▶ INPUT DATA:

= = =

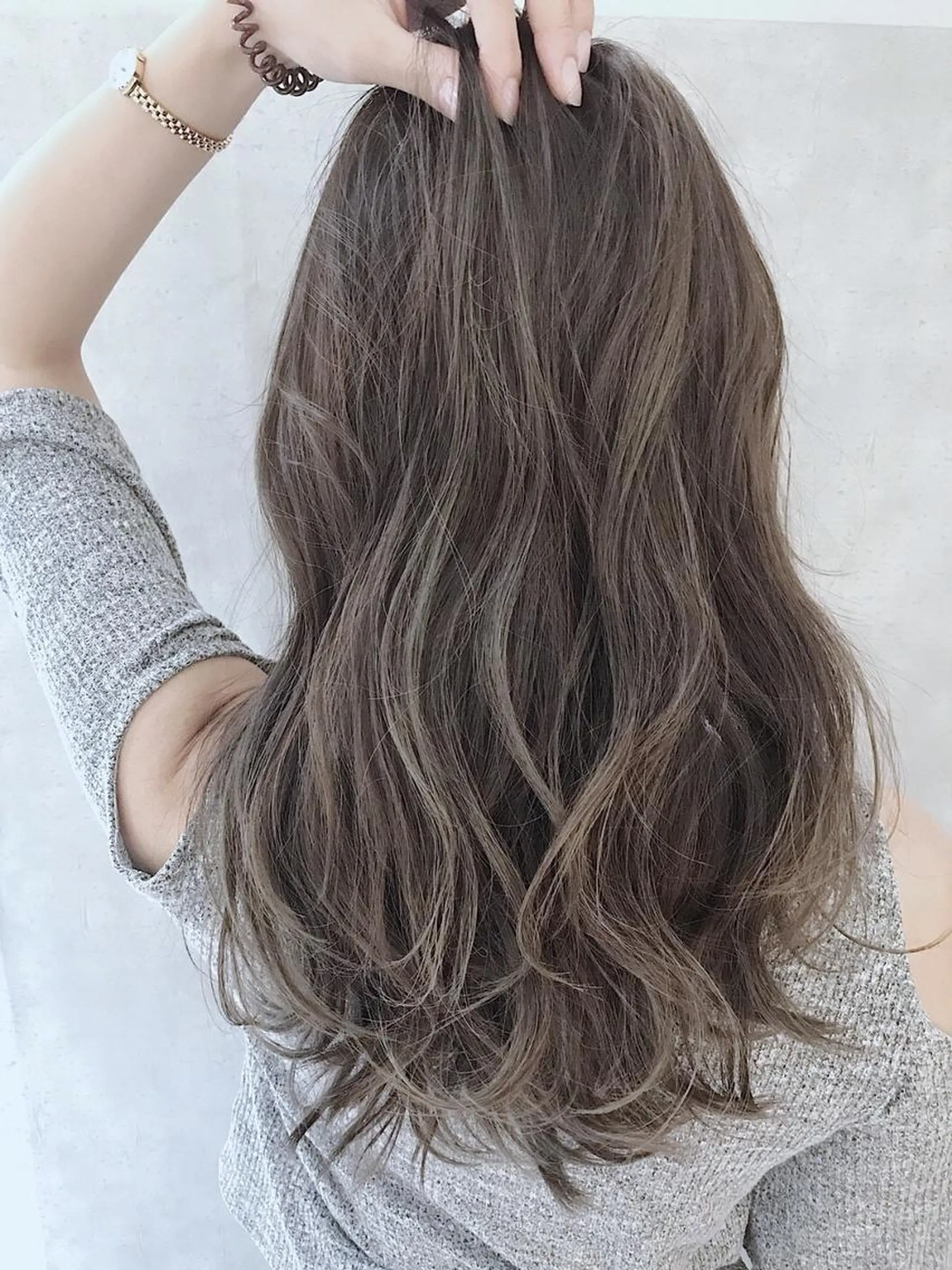 ロング カラー MOU namba ムウナンバのヘアスタイル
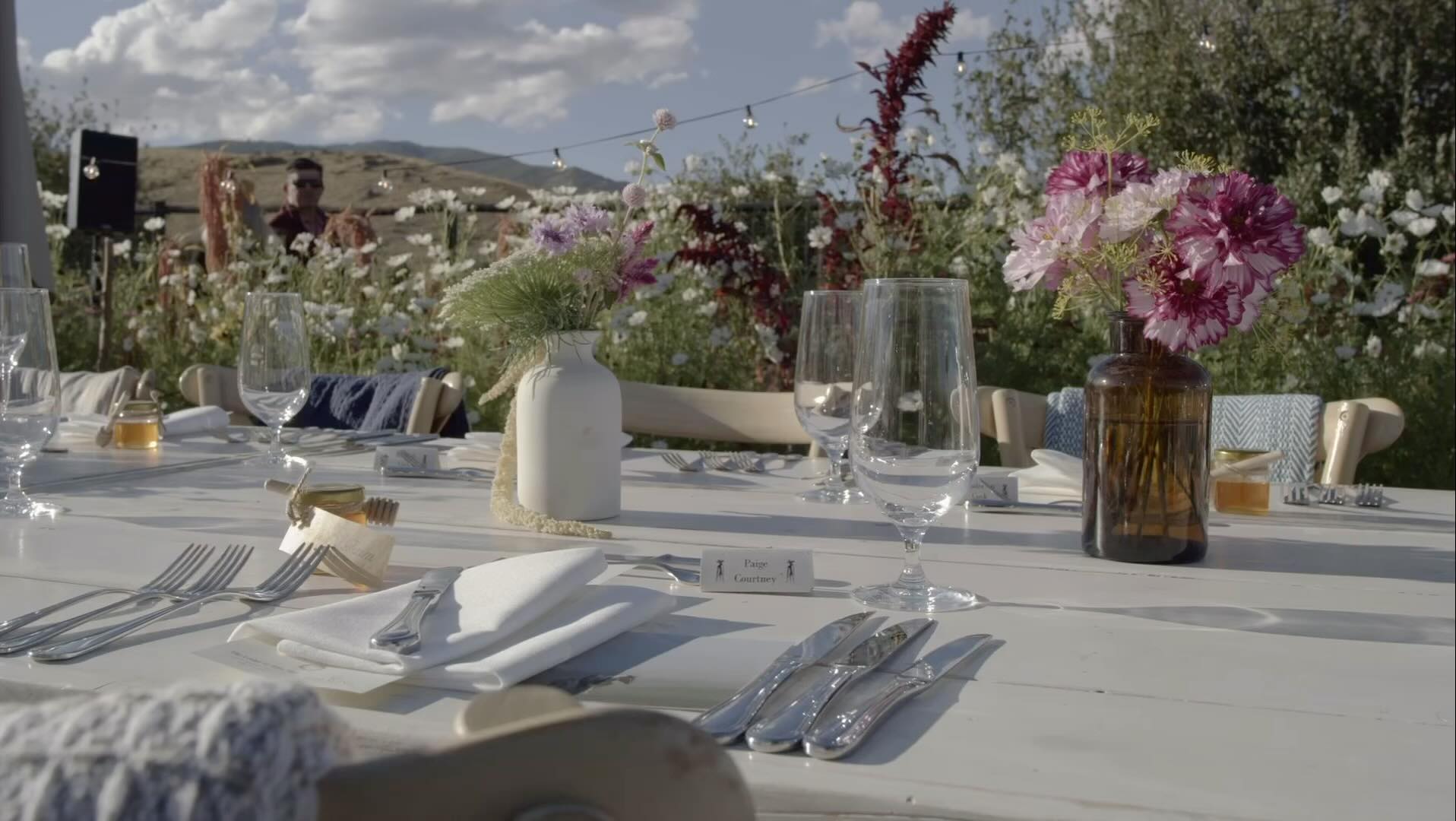 👑🐝 QUEEN BEES FARM DINNER 🍯✨ July 25th, 2024. Join renowned chef Sarah Glover for a multi-course dinner set amidst the lush gardens at the farm. Chef Glover specializes in open-flame cooking, and has published award-winning cookbooks such as Wild, Wild Child, Open Skies and A Wild American Road Trip. As she helms our annual Queen Bee Dinner, each of her courses will feature local Utah honey, our celebrated hero ingredient of the evening. Co-hosting the evening will be Gracie’s Farm Director Lynsey Gammon, mixologist & sommelier Natalie Hamilton, and Britt Templin, co-founder of T.F. Brewing.
Don’t miss our special welcome reception at 6pm for a special cocktail hour that celebrates rescue horses and the hardworking women who have devoted their lives to this tough but enriching pursuit. Co-hosted by Barb Phillips of the Saving Gracie Equine Healing Foundation and Clare Staples of SkyDog Ranch & Sanctuary, we’ll welcome our newly adopted mustangs from SkyDog Ranch, hear a few words from Barb and Clare, and enjoy raffle (tickets are bought at the door) with all proceeds benefiting our animal sanctuaries.
Reserve your spot through the link in our bio!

= = =

▶ INSTRUCTIONS FOR THE TASK:
Reproduce the data word for word without its images.

▶ SOLVED PROBLEM:
 ロング カラー MOU namba ムウナンバのヘアスタイル
 👑🐝 QUEEN BEES FARM DINNER 🍯✨ July 25th, 2024. Join renowned chef Sarah Glover for a multi-course dinner set amidst the lush gardens at the farm. Chef Glover specializes in open-flame cooking, and has published award-winning cookbooks such as Wild, Wild Child, Open Skies and A Wild American Road Trip. As she helms our annual Queen Bee Dinner, each of her courses will feature local Utah honey, our celebrated hero ingredient of the evening. Co-hosting the evening will be Gracie’s Farm Director Lynsey Gammon, mixologist & sommelier Natalie Hamilton, and Britt Templin, co-founder of T.F. Brewing.
Don’t miss our special welcome reception at 6pm for a special cocktail hour that celebrates rescue horses and the hardworking women who have devoted their lives to this tough but enriching pursuit. Co-hosted by Barb Phillips of the Saving Gracie Equine Healing Foundation and Clare Staples of SkyDog Ranch & Sanctuary, we’ll welcome our newly adopted mustangs from SkyDog Ranch, hear a few words from Barb and Clare, and enjoy raffle (tickets are bought at the door) with all proceeds benefiting our animal sanctuaries.
Reserve your spot through the link in our bio!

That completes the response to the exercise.